Rare Objects
- First edition (US)
- Author: Kathleen Tessaro
- Language: English
- Genre: Historical Fiction
- Publisher: Harper
- Publication date: April 12, 2016
- Publication place: United States
- Media type: Print (Hardcover)(Kindle)
- Pages: 400
- ISBN: 978-0062357540
- Preceded by: The Perfume Collector

= Rare Objects =

2016 novel by Kathleen Tessaro

Rare Objects is a 2016 historical fiction novel by American author Kathleen Tessaro. The book was released on April 12, 2016 through Harper and is Tessaro's sixth published novel. Katie Holmes adapted the book into a screenplay and went on to produce, direct, and act in the film, which opened in theaters and online streaming on April 14, 2023.

== Synopsis ==
The book follows Maeve, who wants to be more than just the child of Irish immigrants – something made more difficult by the Great Depression. However, despite her attempts Maeve cannot keep herself away from the fast men and easy alcohol that ends up landing her in a mental asylum. It's there that she meets Diana, a young woman with an equally large hunger for freedoms not usually allowed women of the era. After she leaves Maeve manages to pick up the pieces of her life and begins working at an antiques shop, where she runs into Diana, who Maeve discovers is a socialite. Still eager to improve herself, Maeve lets Diana and her brother James draw her into their world, something that might end up proving to be disastrous for the young woman.

== Reception ==
Publishers Weekly wrote a mostly favorable review for Rare Objects, stating that "Tessaro’s complicated heroines—and the shattering reveal of secret after secret—will keep readers guessing until the final page." The book was also reviewed by Booklist and the Library Journal.
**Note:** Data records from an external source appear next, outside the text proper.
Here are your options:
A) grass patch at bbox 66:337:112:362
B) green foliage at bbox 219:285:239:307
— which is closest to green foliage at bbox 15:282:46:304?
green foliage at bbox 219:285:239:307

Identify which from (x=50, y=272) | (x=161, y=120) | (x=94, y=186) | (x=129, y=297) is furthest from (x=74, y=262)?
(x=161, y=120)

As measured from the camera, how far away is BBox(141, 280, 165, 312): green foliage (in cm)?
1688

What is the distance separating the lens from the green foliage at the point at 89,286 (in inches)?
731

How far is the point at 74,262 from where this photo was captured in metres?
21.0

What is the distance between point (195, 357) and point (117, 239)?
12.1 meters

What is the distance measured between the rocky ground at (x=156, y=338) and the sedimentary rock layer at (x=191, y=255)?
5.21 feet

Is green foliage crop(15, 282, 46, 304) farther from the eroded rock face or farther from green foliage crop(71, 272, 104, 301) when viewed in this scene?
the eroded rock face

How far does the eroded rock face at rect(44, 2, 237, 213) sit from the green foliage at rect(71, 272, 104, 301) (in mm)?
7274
Kirkus Reviews wrote "This novel meanders more than the Odyssey to which it frequently pays homage." The Historical Novel Society, based in the US and UK, gave a review specific to the genre, "This gutsy, absorbing story about self-deception and belonging is remarkable in its honesty. The settings exude authenticity, both the scenes of immigrant family life in Boston’s North End and upper-crust society parties, which never go as perfectly as its organizers hope. The story bounces around time-wise in the beginning, and more details on Maeve’s future plans would have been nice. The wanting more of a novel, though, that’s a good sign. Tessaro is a natural storyteller, and her story goes where it needs to without being predictable. The result is a compelling tale that reads like real life."